I've thought further on this. I think any subsets need to be fairly wide
ranging and independent, in order for implementations (runtime and
tooling) to be able to sensibly offer support. If it becomes too
fragmented then users will find it difficult to know what construct may be
used when. I realise that this means it takes more effort to implement a
subset in terms of content, but I think it will be easier to understand
how to do it. Accordingly I've revised the strawman. Note that I have
introduced choices and unordered sequences at the same point as
initiators, as that provides a way of resolving uncertainty without
speculation, which is introduced under an advanced expression subset.
Regards
Steve Hanson
Strategy, Common Transformation & DFDL
Co-Chair, OGF DFDL WG
IBM SWG, Hursley, UK,
smh@uk.ibm.com,
tel +44-(0)1962-815848
----- Forwarded by Steve Hanson/UK/IBM on 04/08/2010 13:50 -----
From:
Steve Hanson/UK/IBM
To:
Suman Kalia
Cc:
dfdl-wg@ogf.org, dfdl-wg-bounces@ogf.org
Date:
07/07/2010 18:34
Subject:
Re: [DFDL-WG] Subsetting the DFDL spec
Hi Suman
I added hidden elements as it allows things to be omitted from the
infoset, which is a very useful technique. I removed it from the
expression subset because you only need hidden + expressions when for
example using a hidden complex element to return a synthesised simple
value. Hidden on its own just to skip things is useful, easy to implement,
and does no harm in core.
Defaults are a core capability. Otherwise you can't create a sparse
infoset on output. If we can separate out nils then perhaps nils could be
in a separate subset. I started off that way then changed my mind but we
can revisit.
I originally had choices in core but I removed it because without
initiators or expressions how can you resolve a choice? You can't.
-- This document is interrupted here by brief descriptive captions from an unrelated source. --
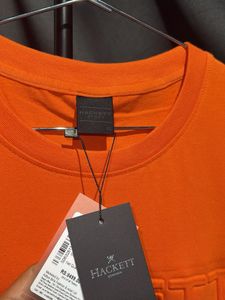 Hackett Sport Orange Embossed Logo Tee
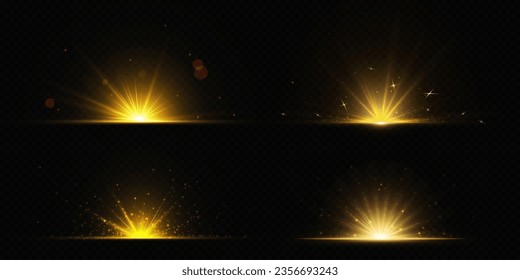 Gold explode shine light of sun ray effect vector. Magic golden star burst with glitter and glare, Isolated galaxy starlight graphic icon decoration. Abstract sparkler flash beam for party celebration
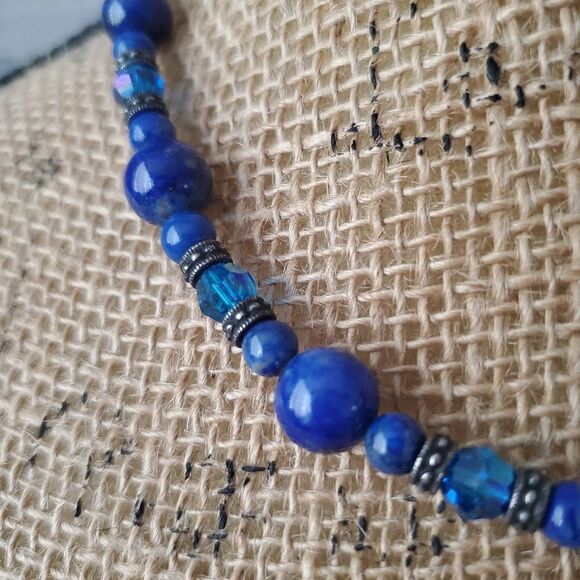 Navy Blue Abstract Glass Ceramic Heavy Statement Necklace Medium Size Beaded 💙 - Picture 4 of 6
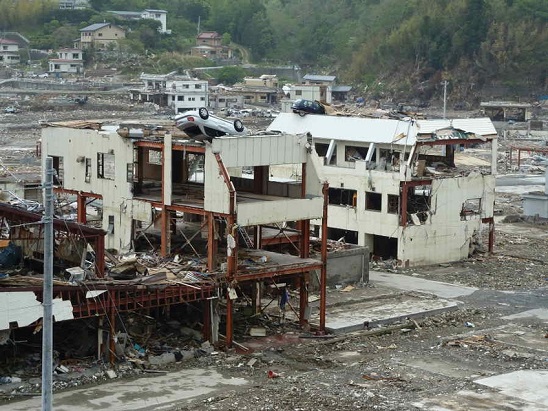 Damage in Onagawa, Japan, after the 2011 Tōhoku earthquake and tsunami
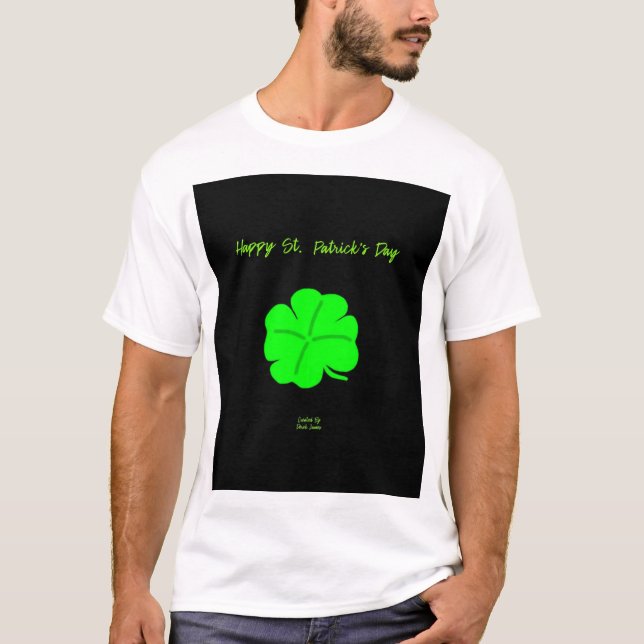 Feliz Día de San Patricio Camisa Básica Blanca de  (Anverso)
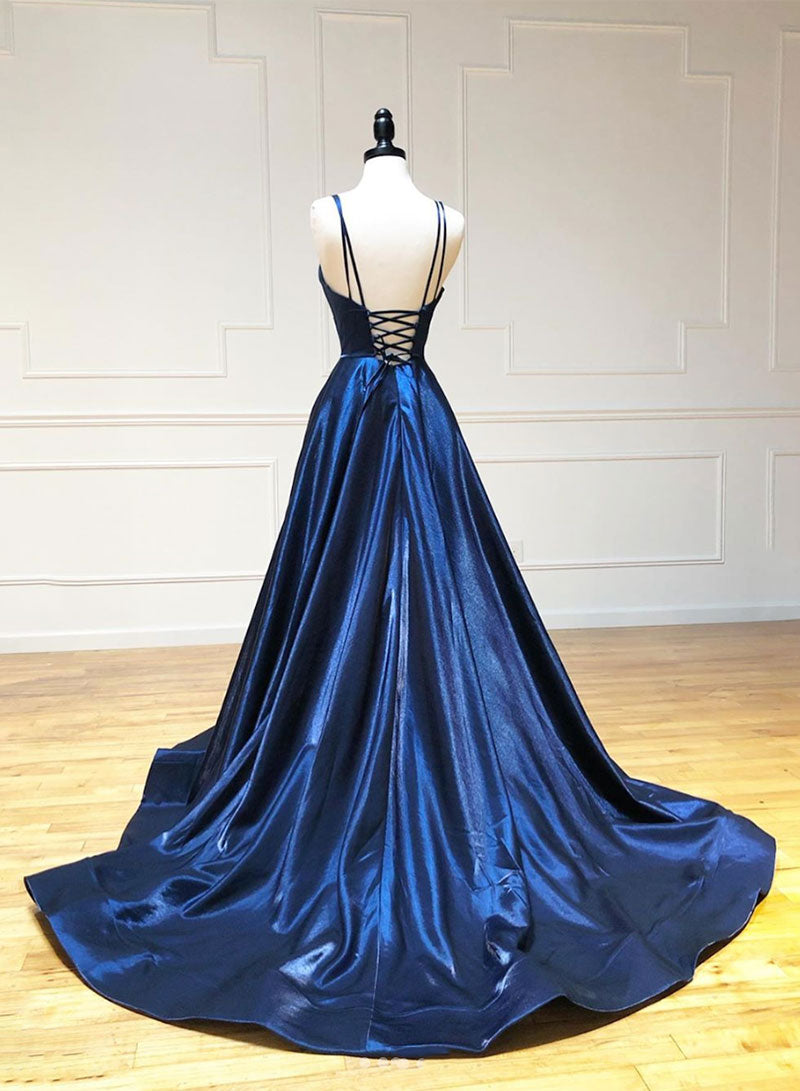 Simple Blue V-Neck Satin Long Prom Dress, A-Line Backless Evening Dress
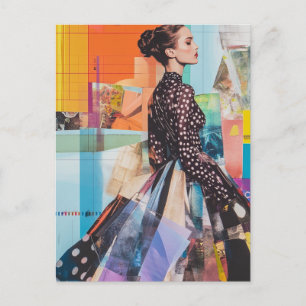 A Colourful Fashion lady Collage Postcard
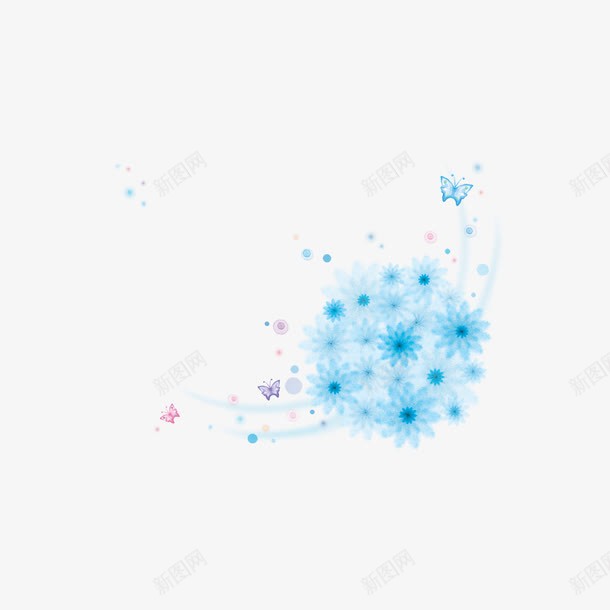 花球psd免抠素材_88icon https://88icon.com 小花 花球 蒲公英 蓝色 蝴蝶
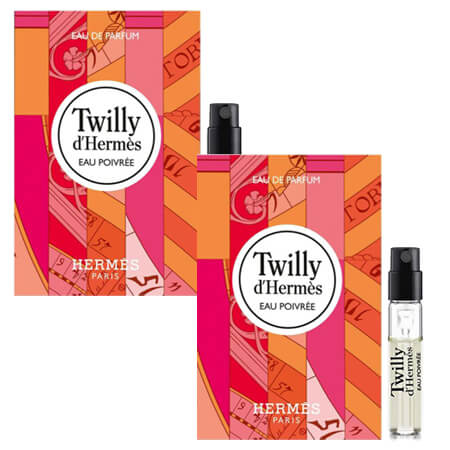 HERMÈS แพ็คคู่ Twilly D'hermes Eau Poivree EDP 2 ml น้ำหอมสไตล์จัดจ้านของสาวแอร์เมส กลิ่นของดอกกุหลาบสีชมพูละมุนละไม และพิมเสนชวนให้หลงใหล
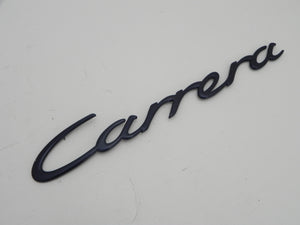 (Used) Original 996 Blue Metallic "Carrera" Engine Lid Emblem - 1999-2004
Choices are not as common as you might think in the non-XML world, for
precisely this reason. However, as I write I've realised that I've not
allocated uncertainty (ie, choice or 'optionality') to any of the subsets,
a major omission on my part. I was intending core to be fixed occurrences
thereby avoiding the need to implement backtracking, a significant item in
any implementation. I'll think more on this.
My rationale for omitting delimiters from core was to keep core for fixed
length data. Many scientific users will never need delimiter support -
and they are the folk most likely from OGF to write an implementation.
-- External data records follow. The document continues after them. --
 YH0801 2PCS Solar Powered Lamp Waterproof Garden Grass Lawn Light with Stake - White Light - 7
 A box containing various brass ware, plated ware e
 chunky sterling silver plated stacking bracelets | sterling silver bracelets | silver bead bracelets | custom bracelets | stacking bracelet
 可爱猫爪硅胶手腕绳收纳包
Once you add in separators you pull in a huge amount of implementation -
all the scanning, escaping, etc. However, the uncertainty issue could
well force us to split initiators from the other delimiters because of
their role in uncertainty resolution.
Thanks for your input though, I'll have a think and send out an update
before next call.
Regards
Steve Hanson
Strategy, Common Transformation & DFDL
Co-Chair, OGF DFDL WG
IBM SWG, Hursley, UK,
smh@uk.ibm.com,
tel +44-(0)1962-815848
From:
Suman Kalia
To:
Steve Hanson/UK/IBM@IBMGB
Cc:
dfdl-wg@ogf.org, dfdl-wg-bounces@ogf.org
Date:
07/07/2010 17:50
Subject:
Re: [DFDL-WG] Subsetting the DFDL spec
Steve - some comments
I suggest we create a category DFDL Advanced features and put support for
hidden elements under this as not many users would need it or implement
it. One can also make the case for putting "Nils and defaults" under the
DFDL advanced features as this is one of the complex part of the
specification.
Core - should have support for choice construct as this is the most common
building block. I would like to see support for delimited data; the
basic and most widely used form is comma separated records which would
require lenghtKind=delimited and separators to be moved to core
specification..
Suman Kalia
IBM Toronto Lab
WebSphere Message Broker Toolkit Architect and Development Lead
WebSphere Business Integration Application Connectivity Tools
http://www.ibm.com/developerworks/websphere/zones/businessintegration/wmb.ht...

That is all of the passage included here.